(Dataset items)
————————
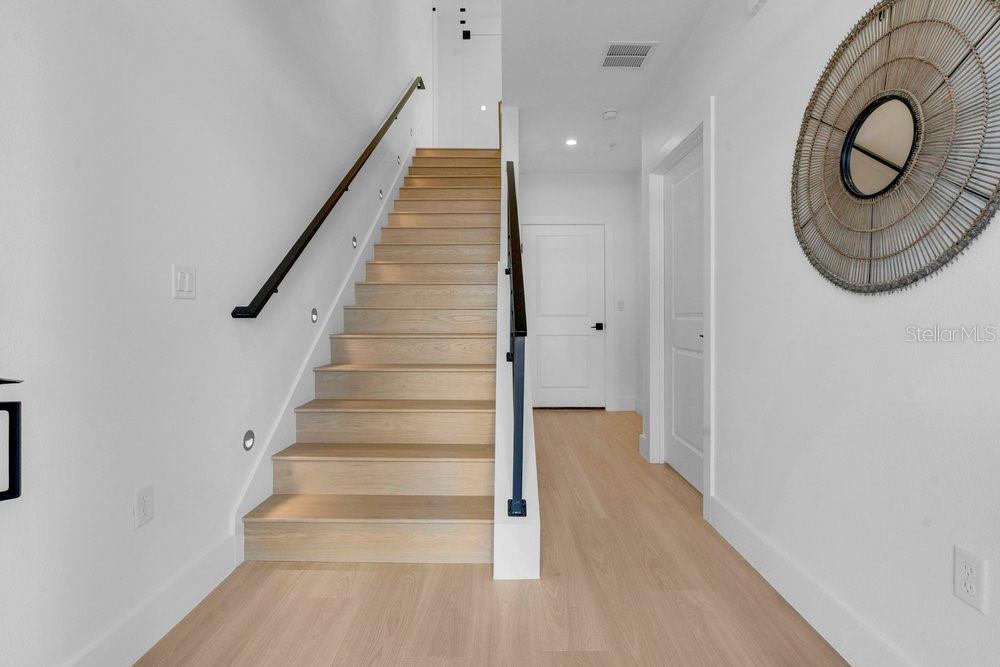 Image 28 of 66 For 1002 Robinson Street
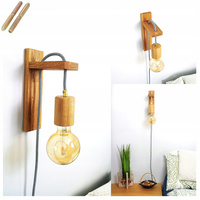 Drewniany Kinkiet Ścienny do Biura i Przedpokoju – Lampa Ścienna z Litego Drewna Dębowego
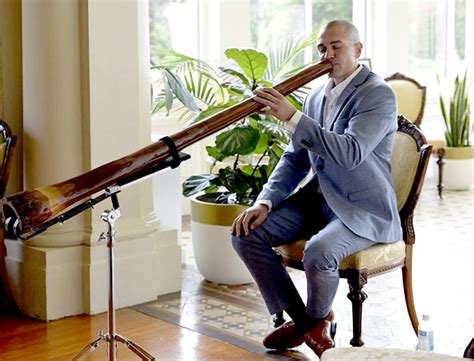 There are people from 3 years old (maybe even younger) to 93 years old (maybe even older) around the world learning and playing the didgeridoo right now! Didgeridoo Player Melbourne Photos - Didgeridoo Players ...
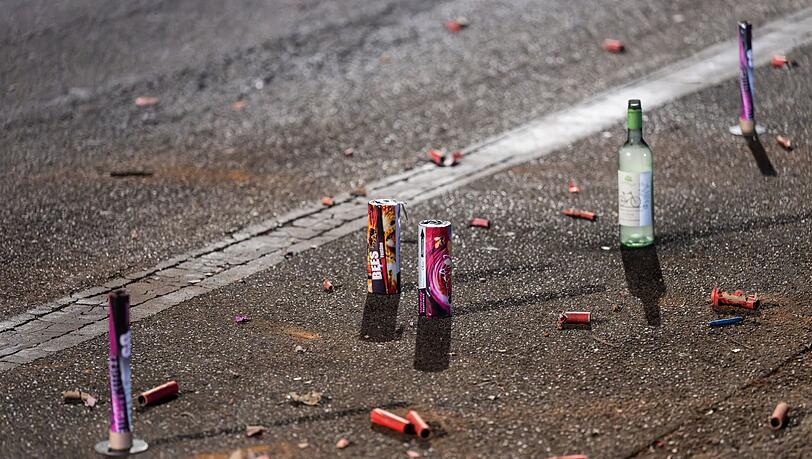 In Bielefeld kamen zwei 18-Jährige ums Leben. (Symbolbild) In Bielefeld kamen zwei 18-Jährige ums Leben. (Symbolbild)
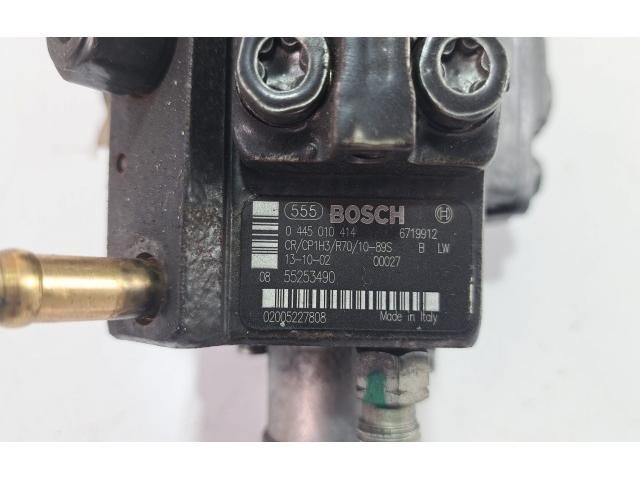 bontott SUZUKI SX4 S-Cross Adagoló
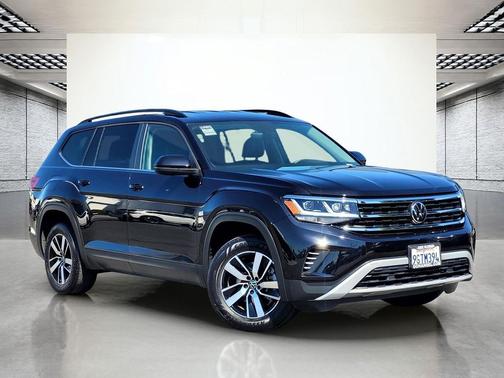 Deep Black Pearl 2023 Volkswagen Atlas 2.0T SE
————————
### ABOUT THIS TASK
The images in the entries above should be left out; please reproduce exactly the lines from the first through the one containing "Drewniany Kinkiet Ścienny".

### EXERCISE RESPONSE
 Image 28 of 66 For 1002 Robinson Street
 Drewniany Kinkiet Ścienny do Biura i Przedpokoju – Lampa Ścienna z Litego Drewna Dębowego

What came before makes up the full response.